Segment Open

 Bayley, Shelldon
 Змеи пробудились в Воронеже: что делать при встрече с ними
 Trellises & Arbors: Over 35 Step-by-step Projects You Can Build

Segment Closed

Extract the complete listing verbatim.

» **Response to the task**
 Bayley, Shelldon
 Змеи пробудились в Воронеже: что делать при встрече с ними
 Trellises & Arbors: Over 35 Step-by-step Projects You Can Build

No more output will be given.